DATASET EXTRACT
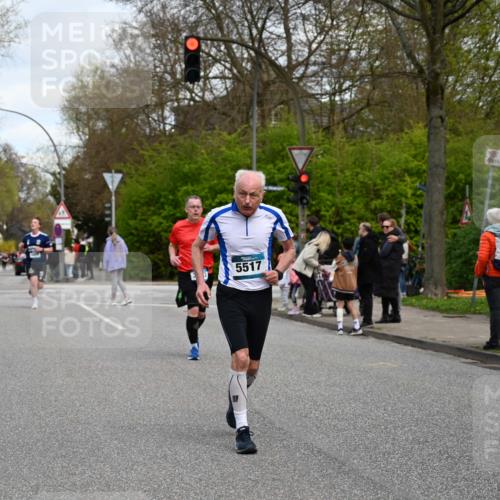 12.04.2026 - 45. Internationalen Wilhelmsburger Insellauf J. Mangold http://msf.ph/oto/9515665 12.04.2026 13:15:45 Ziel 3770, 2617, 5453, 4942, 4964, 5675, 4616, 4880, 2832, 3803, 3801, 3250, 5008, 2853, 3280, 3244, 5292, 4861, 2032, 4731, 2884, 3850, 4053, 5686, 4814, 4491, 2681, 5839, 5582, 5666, 3993, 5517, 3710, 3709, 4132, 2849, 4808, 5261, 3220, 4502, 3897 meine-sportfotos.de
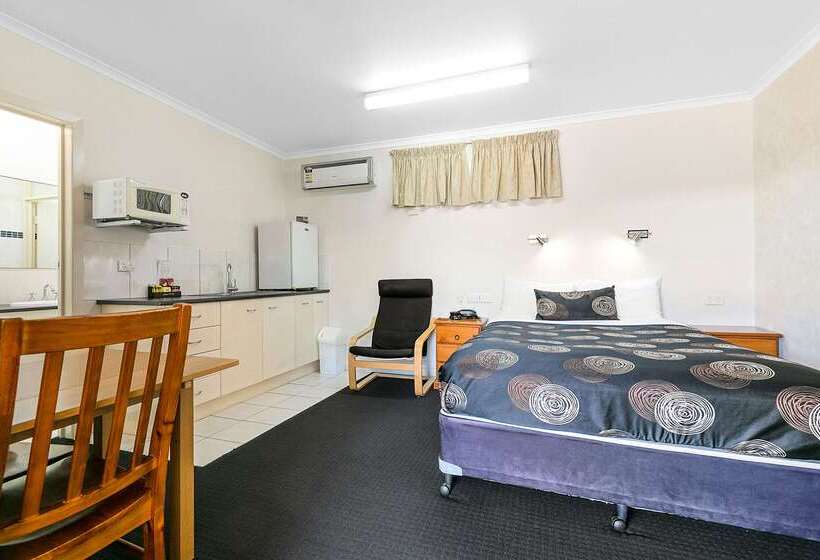 בית מלון כפרי Econo Lodge Park Lane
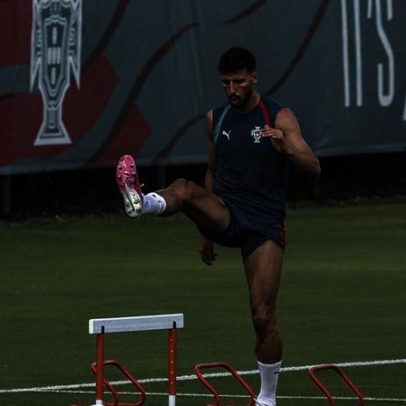 Rúben Dias mantém-se afastado à véspera da estreia de Portugal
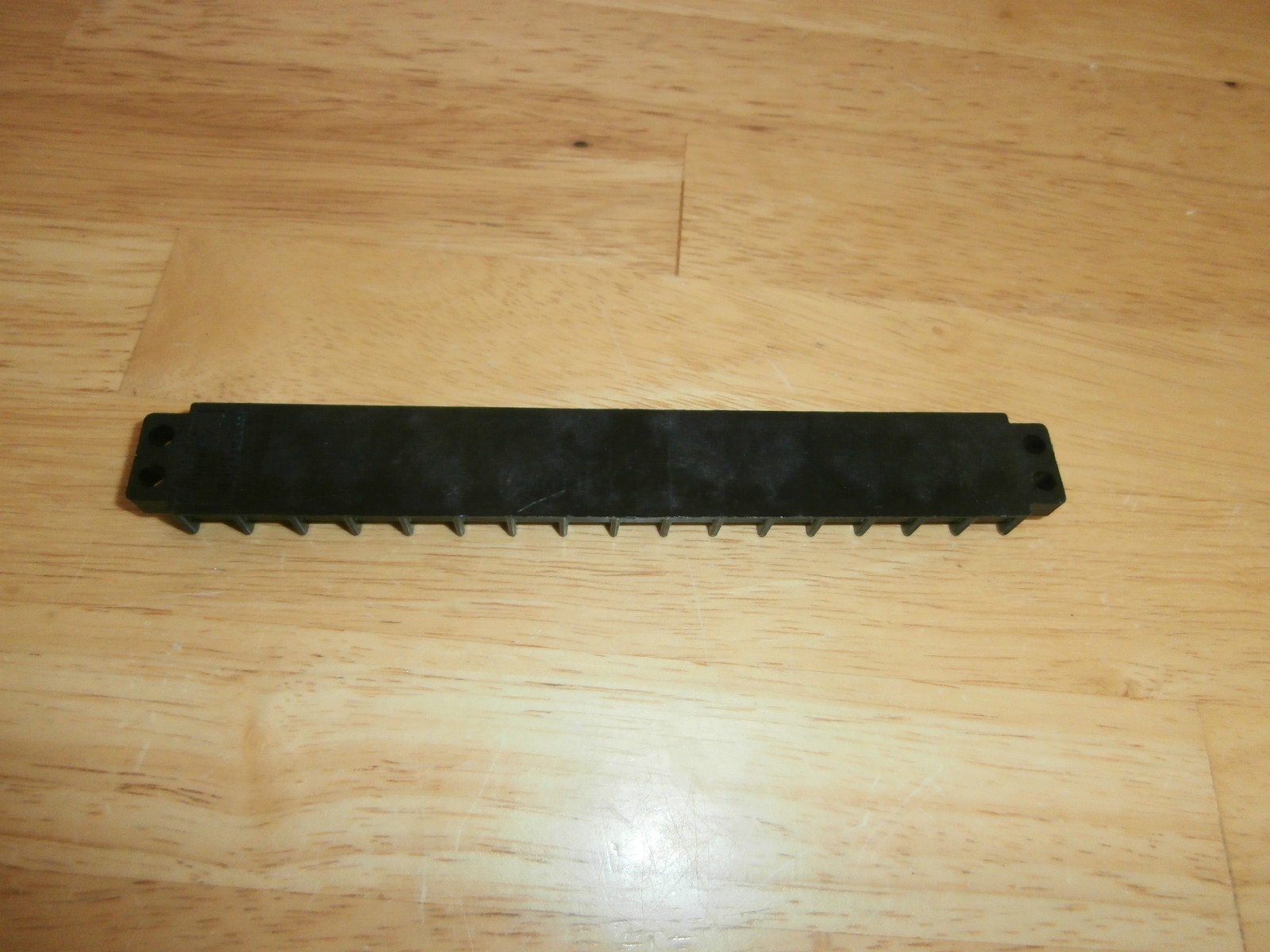 16 Position Terminal Block Barrier Strip 30 Amp, 13-1416 Philmore,NEW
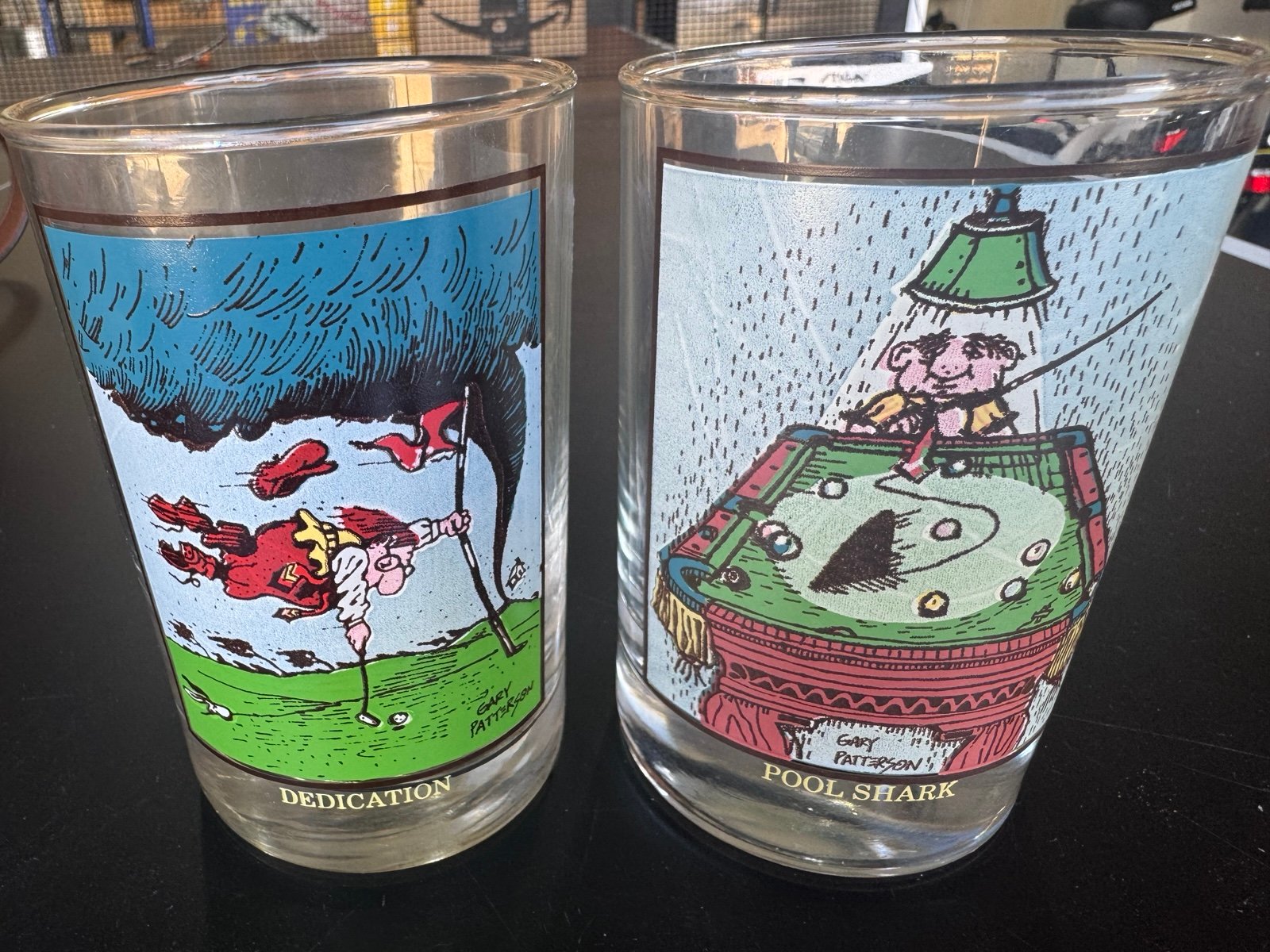Vintage Arby’s collector edition glasses- set of 2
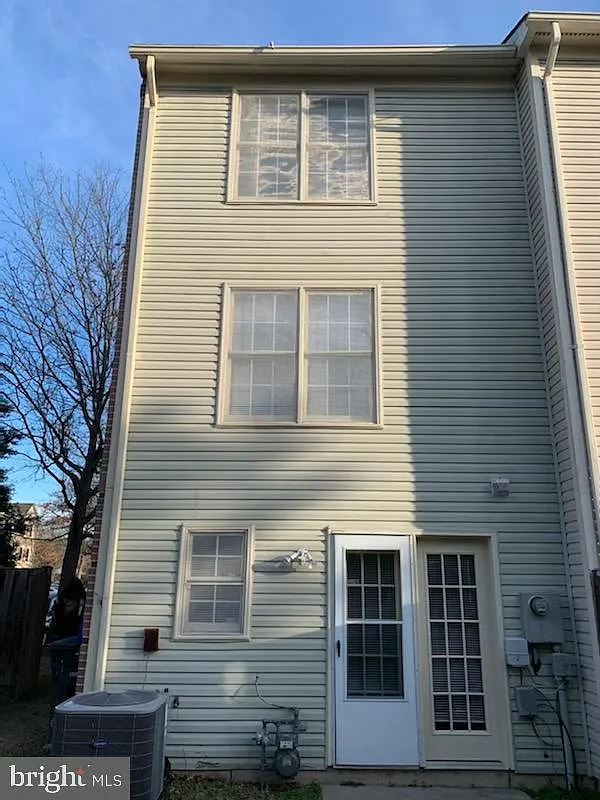 4 bed, 2.5 bath, 1395 sqft, $2,900 — Photo 2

WORK ORDER
Would you retype the lines from the line containing "16 Position Terminal" to the final line of the entries above, exactly as given and without pictures?

FINISHED EXERCISE
 16 Position Terminal Block Barrier Strip 30 Amp, 13-1416 Philmore,NEW
Vintage Arby’s collector edition glasses- set of 2
 4 bed, 2.5 bath, 1395 sqft, $2,900 — Photo 2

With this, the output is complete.